Mit dem EU-Gesetzespaket will die EU bis 2030 rund 40 Prozent des jährlichen Bedarfs an „sauberen“ Technologien in der EU selbst produzieren. „Green-Tech“-Branchen können auf mehr Fördermittel und beschleunigte Genehmigungsverfahren hoffen.

Gefördert werden sollen Windkraft- und Photovoltaik-Anlagen, Wärmepumpen und grüner Wasserstoff, aber auch die Kohlenstoffspeicherung unter der Erde. Damit könne Europa bis 2050 der „erste klimaneutrale Kontinent werden“, versprach Vizekommissionspräsident Frans Timmermans.

Atomkraft ist mit im Paket

Auch die Atomkraft ist nach massivem Tauziehen hinter den Kulissen nun Teil des Pakets, mit dem die EU ihre Klimaziele erreichen will. Dies hatte vor allem Frankreich gefordert, atomkritische Regierungen wie die von Deutschland und Österreich lehnen das ab.

Eine kürzlich durchgeführte Umfrage der Konrad-Adenauer-Stiftung zeigte, dass die deutsche Bevölkerung im Vergleich mit der Regierung weniger abgeneigt ist. Wegen des Streits der EU-Staaten hatte sich die Vorstellung der Pläne verzögert.

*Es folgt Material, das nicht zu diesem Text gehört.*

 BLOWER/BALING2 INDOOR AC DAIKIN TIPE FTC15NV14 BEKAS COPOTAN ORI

Die Atomenergie sei „sauber“, sagte nun der französische EU-Binnenmarktkommissar Thierry Breton, der das Projekt federführend verantwortet. Von den Plänen sollen laut dem Gesetzesvorschlag aber nur „fortschrittliche Technologien“ der vierten Generation profitieren. Dazu gehören Mini-Kernkraftwerke, die etwa Frankreich und Polen bauen wollen.

Unabhängigkeit von China

Zudem präsentierte die Kommission Pläne für eine größere Unabhängigkeit Europas von China bei wichtigen Rohstoffen. Künftig sollen nicht mehr als 65 Prozent des EU-Jahresverbrauchs aus einem einzigen Drittland stammen. Bisher bezieht die EU Seltene Erden oder Magnesium fast vollständig aus China.

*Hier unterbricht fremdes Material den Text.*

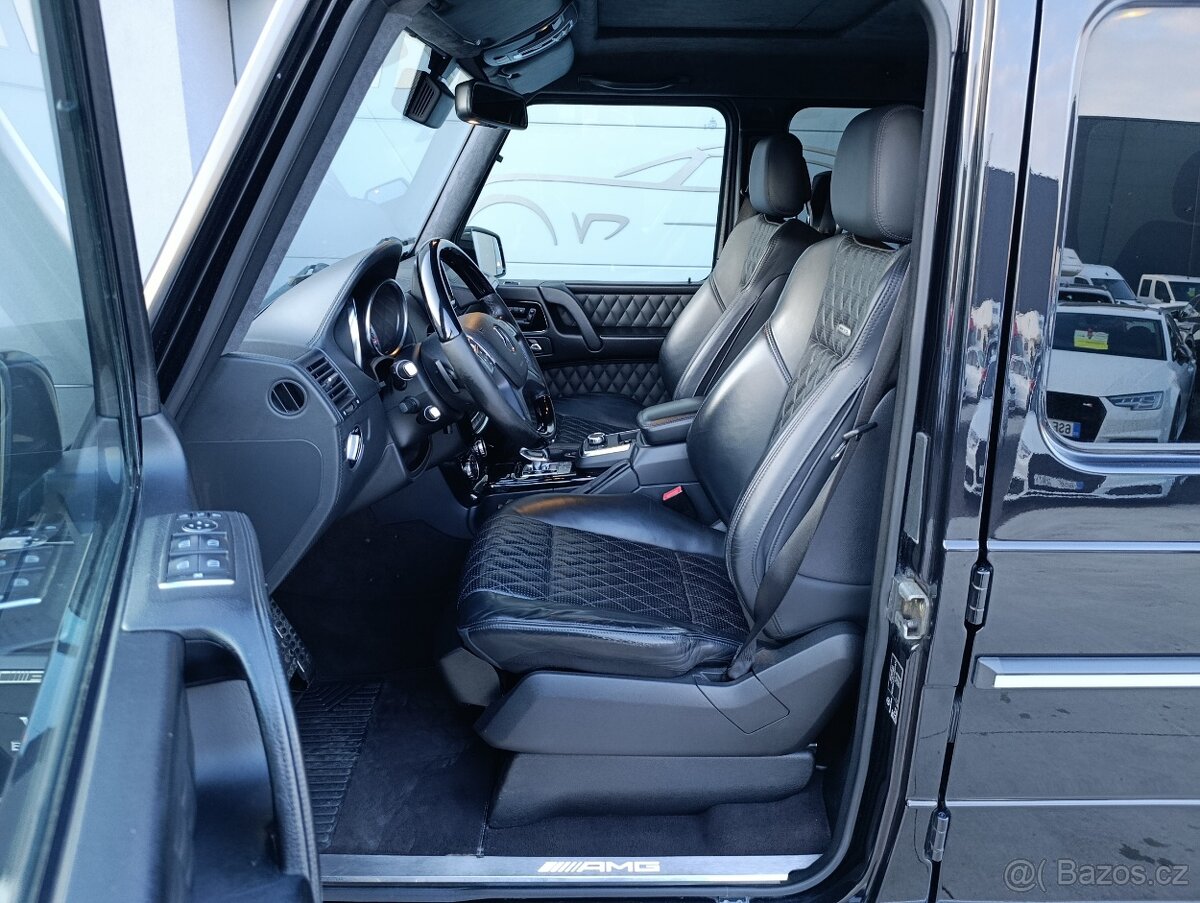 MERCEDES-BENZ G63 400kW 4MATIC - 7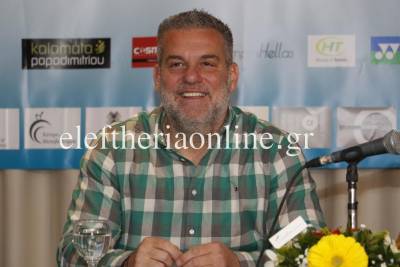 ΑΠΟΛΟΓΙΣΤΙΚΗ ΕΚΔΗΛΩΣΗ ΓΙΩΡΓΟΥ ΛΑΖΑΡΙΔΗ: Στόχος η συμμετοχή στην Παραολυμπιάδα του Τόκιο (φωτό &amp; βίντεο)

Dafür sind neue Bergbauprojekte geplant, die zehn Prozent des EU-Bedarfs an wichtigen Rohstoffen decken sollen. Zudem ist eine Recyclingquote von 15 Prozent etwa für Lithium oder Seltene Erden geplant, die in Handys oder Autobatterien zum Einsatz kommen. Diese Zielmarken sind jedoch unverbindlich.

Darüber hinaus will die EU-Kommission eine „Wasserstoffbank“ gründen. Darunter versteht sich eine Auktionsplattform, bei der Hersteller von grünem Wasserstoff Finanzmittel bekommen können, um ihre möglicherweise teureren Produktionskosten als bei fossilen Energien auszugleichen.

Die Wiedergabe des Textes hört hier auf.